Data provided Block Start
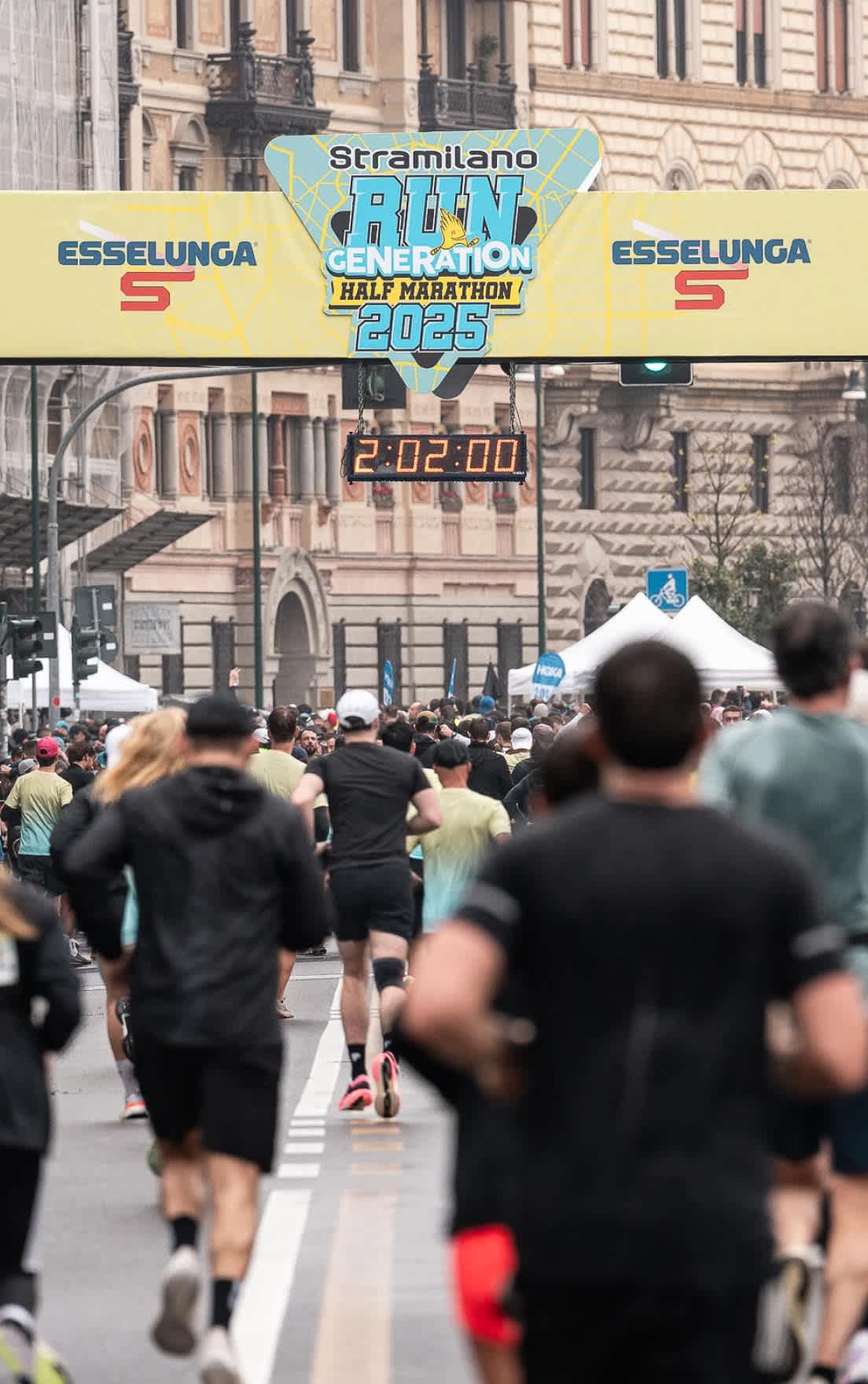 Runners under a 'Stramilano Half Marathon 2025' banner, clock shows 2:02:00.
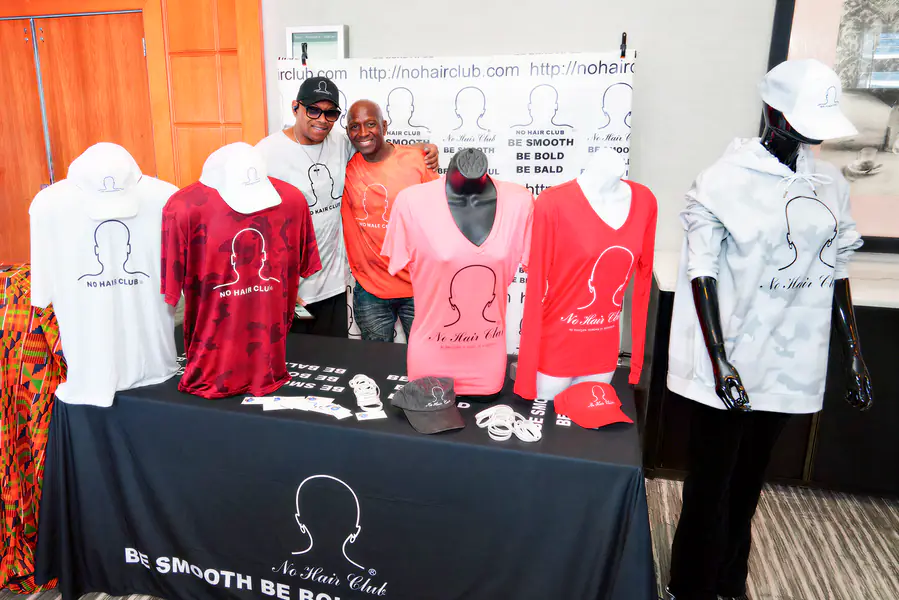 Two bald people stand behind a display table covered in apparel featuring the No Hair Club logo and text.
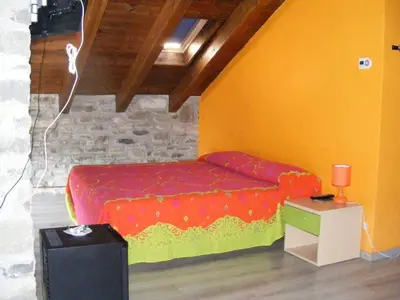 Letto o letti in una camera di Albergo diffuso Casa delle Favole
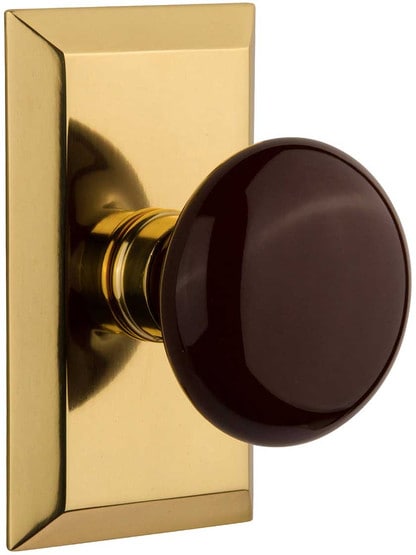 New York Rosette Door Set with Brown Porcelain Knobs in Polished Brass.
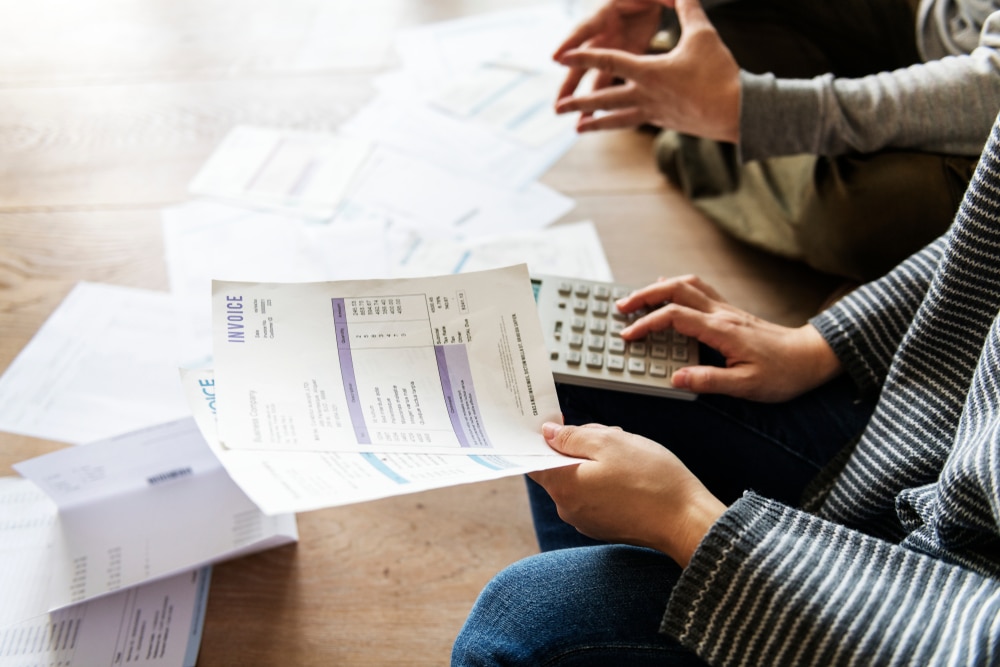 Couple sorting through debt paperwork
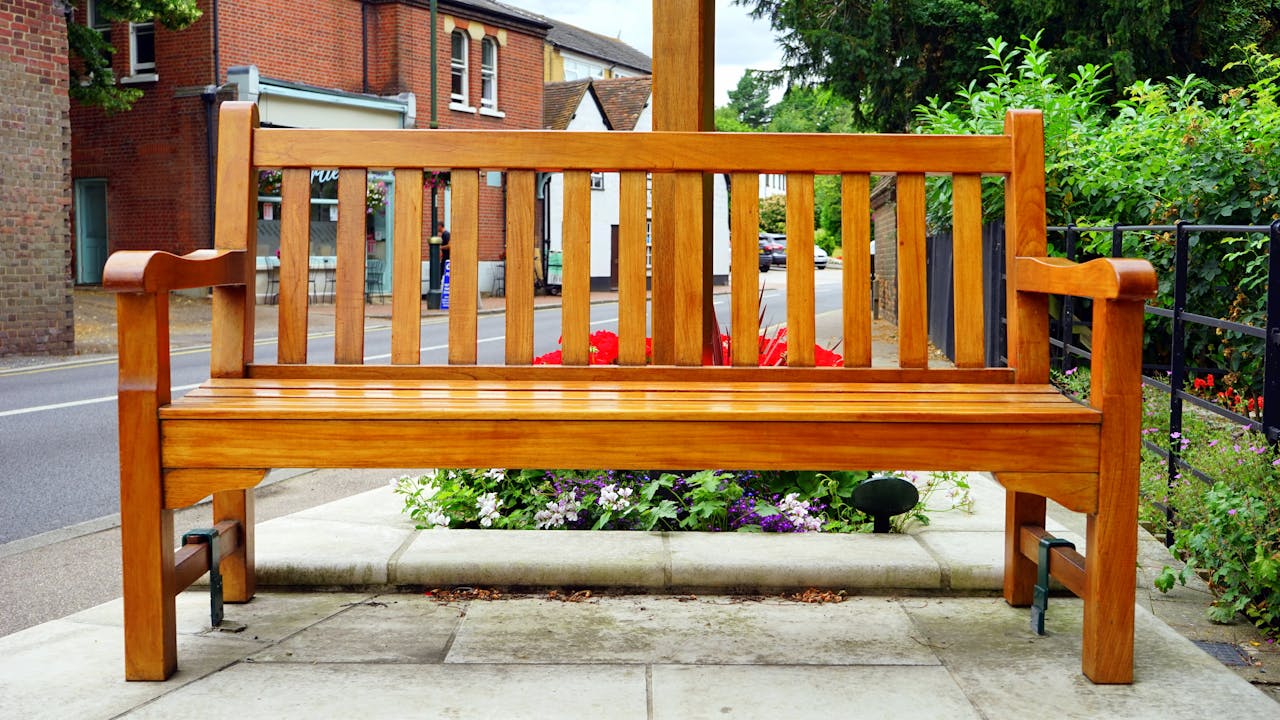 A wooden bench is placed in an urban street surrounded by vibrant flowers.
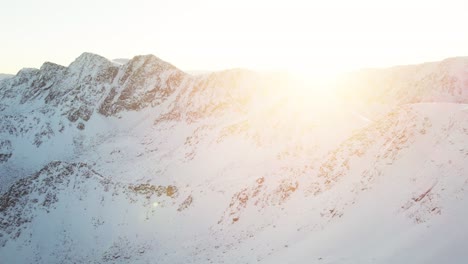 slow drone flight over snowy mountain peak at sunrise in andorra, with golden light and alpine scenery.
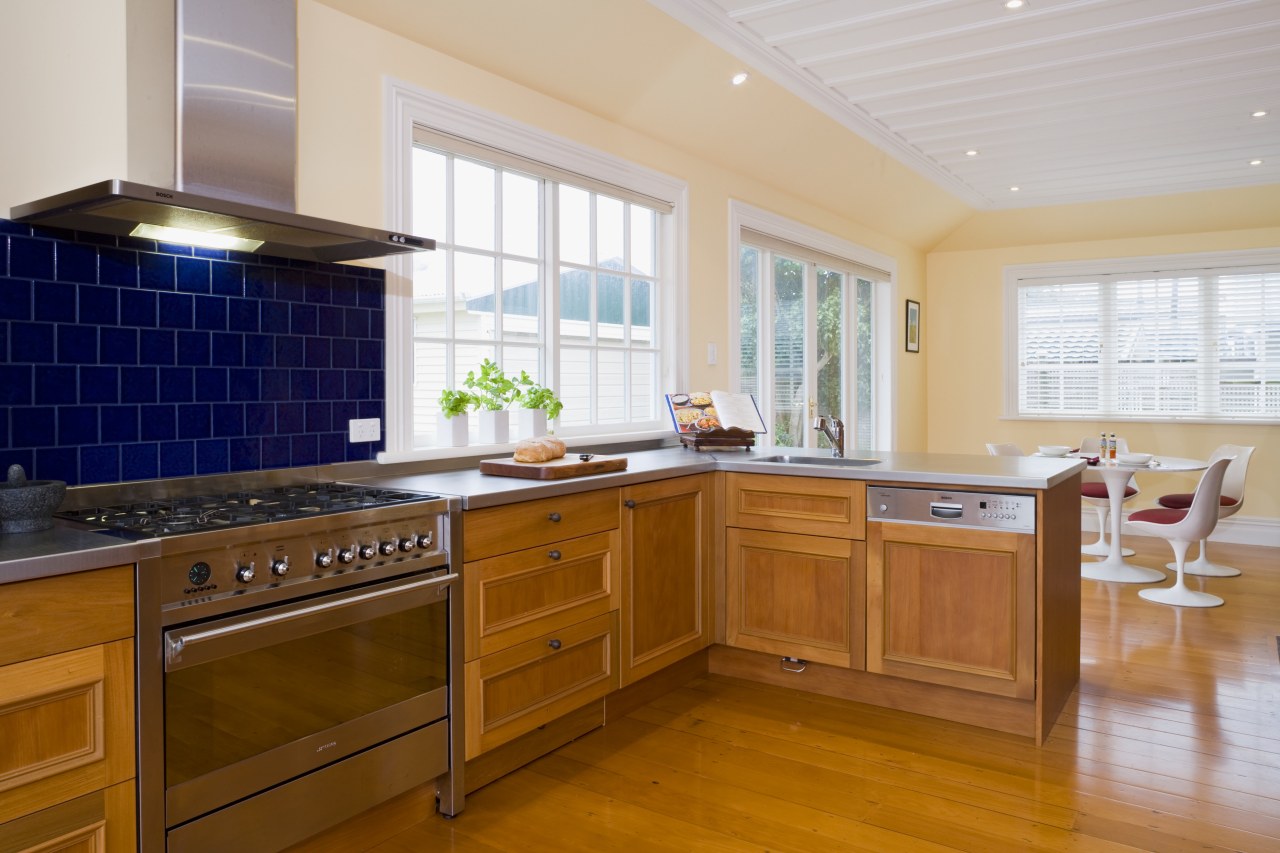 view of a renovated kitchen where Swamp kauri cabinetry, countertop, cuisine classique, floor, flooring, hardwood, home, interior design, kitchen, property, real estate, room, window, brown, gray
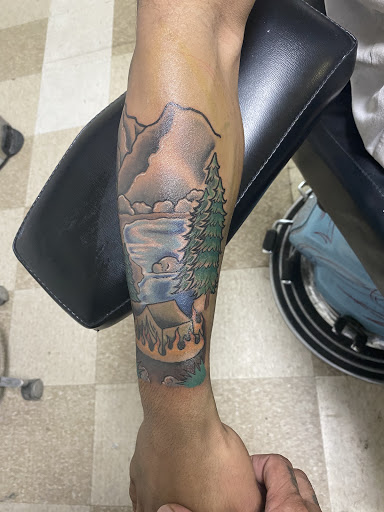 Explore butterfly and rose tattoo ideas, creative tattoo ideas in Sparks, available at Tidal Wave Tattoo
Data provided Block End
Your job is to transcribe the records exactly and in full. Pictures are not part of the copy.

 Runners under a 'Stramilano Half Marathon 2025' banner, clock shows 2:02:00.
 Two bald people stand behind a display table covered in apparel featuring the No Hair Club logo and text.
 Letto o letti in una camera di Albergo diffuso Casa delle Favole
 New York Rosette Door Set with Brown Porcelain Knobs in Polished Brass.
 Couple sorting through debt paperwork
 A wooden bench is placed in an urban street surrounded by vibrant flowers.
 slow drone flight over snowy mountain peak at sunrise in andorra, with golden light and alpine scenery.
 view of a renovated kitchen where Swamp kauri cabinetry, countertop, cuisine classique, floor, flooring, hardwood, home, interior design, kitchen, property, real estate, room, window, brown, gray
 Explore butterfly and rose tattoo ideas, creative tattoo ideas in Sparks, available at Tidal Wave Tattoo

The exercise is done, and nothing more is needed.